La monja castellana que acabaría convirtiéndose en mística, santa y doctora de la Iglesia, ya en el siglo XVI, tuvo problemas a la hora de hablar de la humanidad de Jesucristo. Los letrados de la época defendían que el orante, cuando llegaba a una cierta altura en la vida espiritual, debía optar por espiritualizarse del todo. Esto implicaba entrar en la órbita de lo divino y rechazar todo lo corpóreo, incluida la figura de Cristo. Santa Teresa de Jesús se vio inmersa en un gran problema porque, por un lado, ella quería ser fiel a la doctrina pero, por otro, su gran anhelo de verdad y su propia experiencia le impedían comulgar con ella. Está convencida, con ese convencimiento profundo que brota de dentro, de que para avanzar en el camino espiritual lo más importante es “que le miréis”. (CP 23,3)

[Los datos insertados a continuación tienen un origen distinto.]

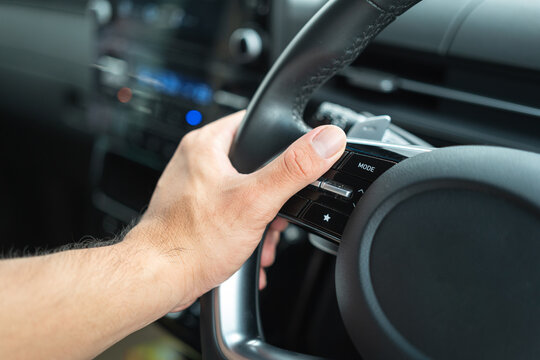 Action of a driver hand is handling on the multi-functional steering wheel during driving a car. Transportation in action photo, selective focus.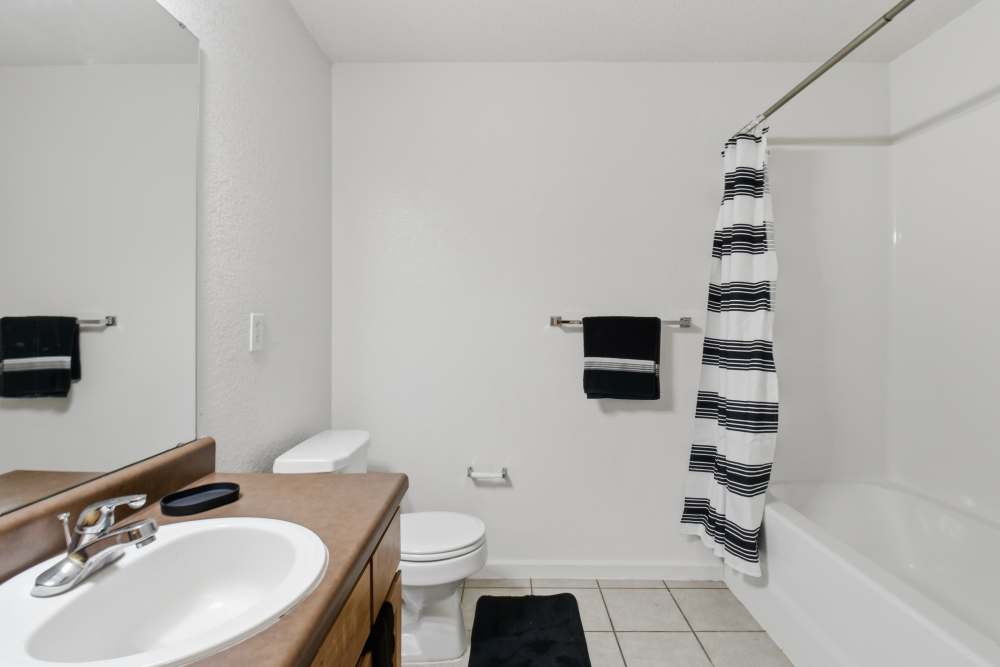 Bathroom with bathtub at Avalon Park in Brownfield, Texas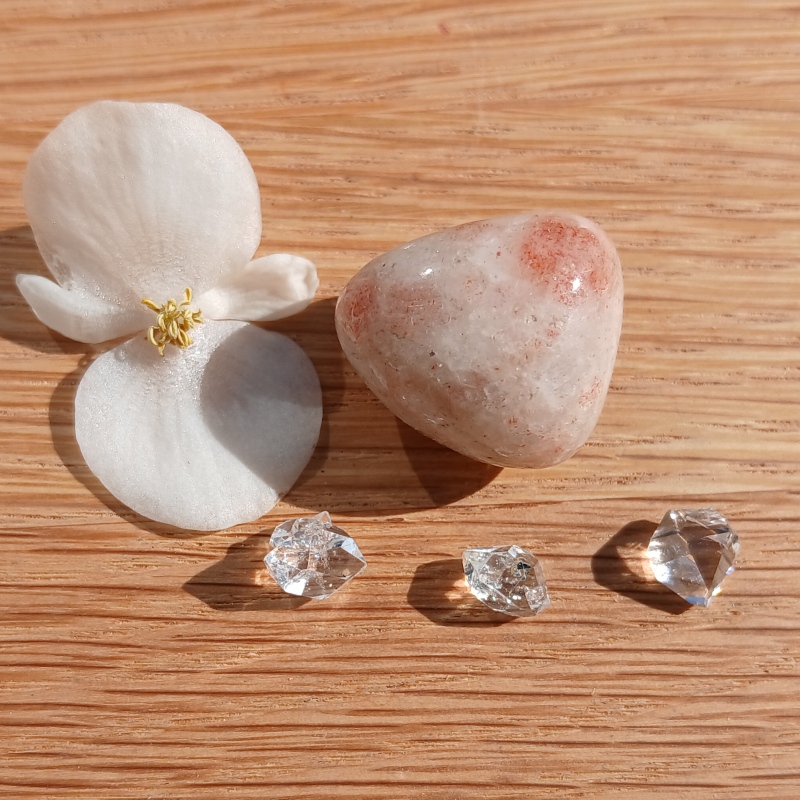 White flower, polished stone and clear crystals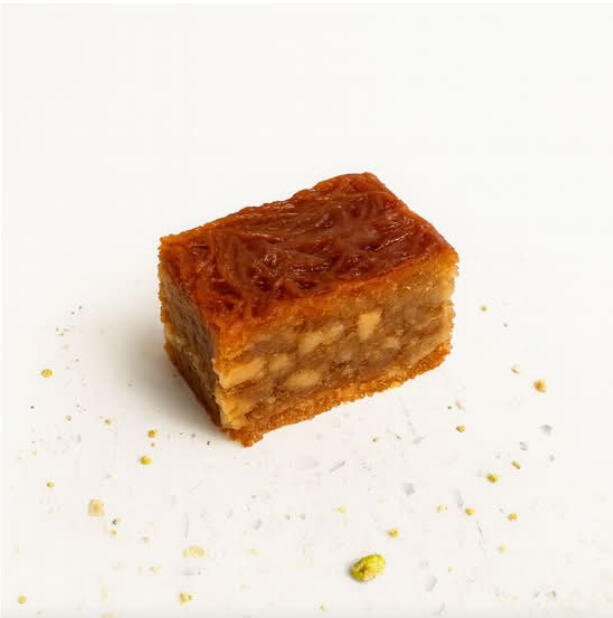 Balaurieh (Red) W/ Walnut $46.00 Shredded phyllo pastry layered with walnut filling, tinted red and finished with light syrup for a classic baklava bite.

Creer en Jesucristo siempre ha comportado complicaciones (a Santa Teresa y a muchos cristianos de a pie a lo largo de la historia.) Es incómodo creer en Jesucristo. Teológicamente es complejo de explicar. Pero es que humanamente nos rompe todos los esquemas. ¿Cómo un Dios que se encarna, que nace en un pesebre y muere en una cruz? ¿Cómo lo divino tan abajo, tan pequeño, tan hecho a nuestra medida? Incluso los discípulos de Jesús, quienes compartían vida con él, no acababan de entender que aquél carpintero que vestía túnica y sandalias fuera el Hijo de Dios. “¿Tanto tiempo hace que estoy con vosotros, y no me has conocido, Felipe? El que me ha visto a mí, ha visto al Padre; ¿cómo, pues, dices tú: Muéstranos el Padre?” (Jn14, 9)

Poner los ojos en Cristo es poner la mirada en Dios. Así de sencillo y así de complejo. Así de fascinante y así de abrumador.